- **WHAT THIS TASK INVOLVES**
Images are to be dropped, and the rest of the data reproduced exactly.

*** Begin section ***

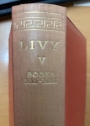 Livy, with an English Translation by H O Foster. In Fourteen Volumes. Volume 5, Books 9 - 12.
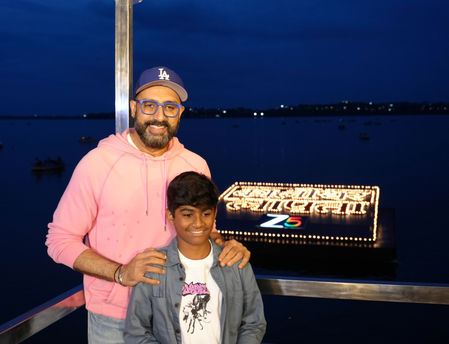 Abhishek Bachchan says Bhopal makes him feel at home Abhishek Bachchan says Bhopal makes him feel at home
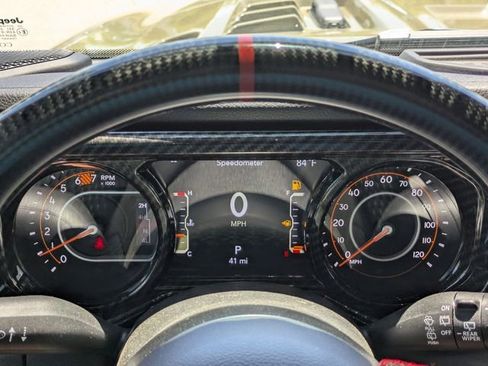 New 2026 Jeep Wrangler Unlimited Sport AWD/4WD image 17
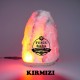 Tuz Lambası 5-6 kg arası 12V Led Işıklı Tuz Lambası 5-6 kg arası 12V Led Işıklı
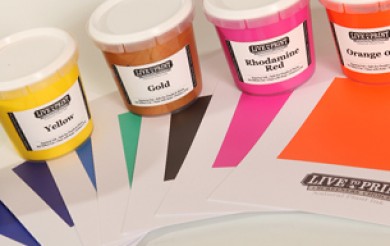 Live to Print - Screeners Choice<br />
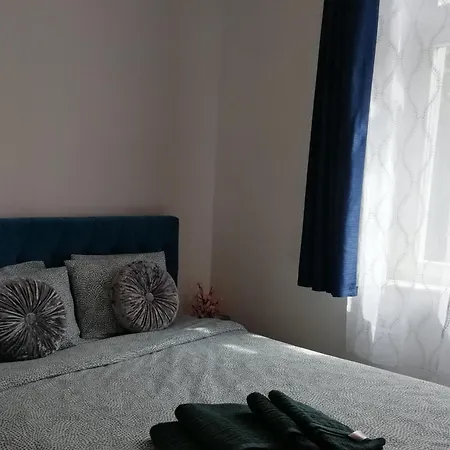Tylko Nowy Rok Fajerwerki Widok Z Mieszkania, Przy Plazy, Morze, Grand Apartment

*** End section ***

- **EXERCISE ANSWER**
 Livy, with an English Translation by H O Foster. In Fourteen Volumes. Volume 5, Books 9 - 12.
 Abhishek Bachchan says Bhopal makes him feel at home Abhishek Bachchan says Bhopal makes him feel at home
 New 2026 Jeep Wrangler Unlimited Sport AWD/4WD image 17
 Tuz Lambası 5-6 kg arası 12V Led Işıklı Tuz Lambası 5-6 kg arası 12V Led Işıklı
 Live to Print - Screeners Choice<br />
Tylko Nowy Rok Fajerwerki Widok Z Mieszkania, Przy Plazy, Morze, Grand Apartment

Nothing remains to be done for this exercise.